I understand that the author is trying to prove a point, but before I knew
that I thought, "God, what a ridiculous page layout," and I _was_ closer to
closing the page because of it. I guess the moral of the story is that you can
shove your relevant content "below the fold" if you like, but only if you're
making a joke.

As for the 37Signals example, I think the article is exactly wrong on that
one. The first section of that site has obviously been designed with specific
intent - they're giving you descriptions of their products, and making the
case for using them. It's all sales. They're not "telling a story", or waiting
for you to reach the end of the page so they can tell you where to go next,
those links at the bottom of the page are just there for people who forgot to
click the links at the top of the page.

I'll agree that most of the "content" is below the fold, but that information
is down there quite deliberately. Users aren't _expected_ to scroll down,
they're just catered to if they're not satisfied with the content at the top.
Again, the content above the fold has been chosen with specific intentions -
everything else is secondary to it. If anything, this example works against
the point of TFA.

------
adrianhoward
Ironically - I closed the window on this one before scrolling. It was the
comments here that cued me to go back and scroll :-)

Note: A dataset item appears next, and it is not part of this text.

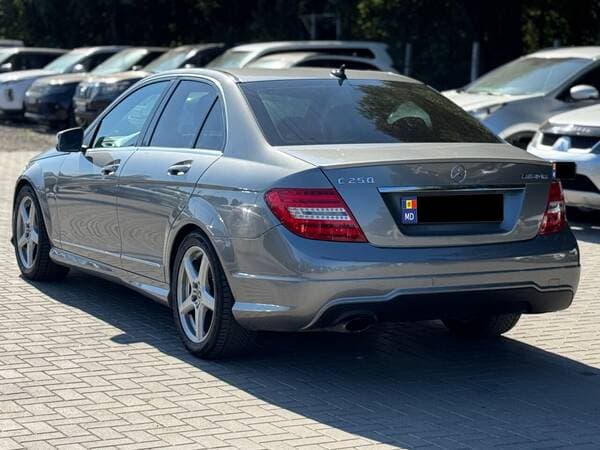 2012 Mercedes C 250 — Miniatură 4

In my experience (from doing a bunch of user testing on this sort of stuff)
people scroll if 1) they have a visual cue that scrolling is needed/possible;
2) people are motivated enough by their need to carry on exploring.

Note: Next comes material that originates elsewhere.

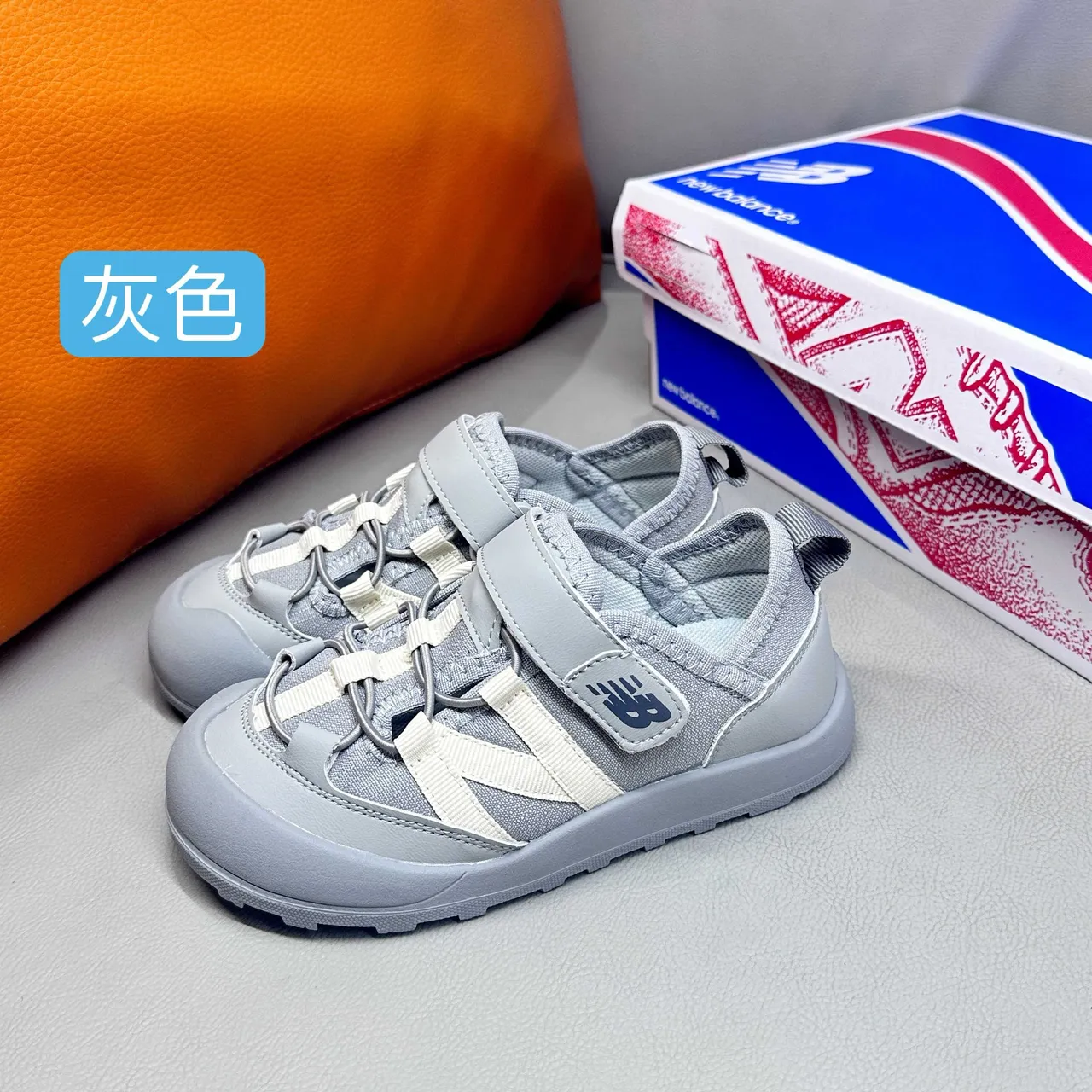 New Balance صنادل أطفال رمادي وأبيض كاجوال 2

In my case I saw this <http://cl.ly/2S1B2P3X1Z1F0x3m0t0N> \- with no obvious
cue for scrolling... spent a couple of seconds clicking random things. Left
going "meh, wonder if the comments will explain this".

The problem of people just not understanding that scrolling was something that
you did (yes - they really did exist ;-) has pretty much gone - thank
goodness. And "the fold" isn't a thing any more because the proliferation of
devices, display sizes and reading contexts means that there are _dozens_ of
different folds.

That doesn't mean you don't need to pay attention to them any more though -
which is something I'm afraid a casual reader will get from this post. As
others have already pointed out the 37signals page is very definitely _not_
giving the fold the finger. It has _many_ calls to action - both above and
below the folds.... and they've paid attention to those folds (look how the
biggest paying apps basecamp & highrise are above the lowest rez fold, look
how the design breaks in the middle of paragraphs/images on the most common
fold lengths to make it obvious to the user that there is more context if they
scroll, etc.)

Yes - the idea of jamming everything up above the fold is dumb. It's the
designers job to explain that this is an over simplistic reading of a design
heuristic.

The advice to "Think about the rules before obeying them!" is good though :-)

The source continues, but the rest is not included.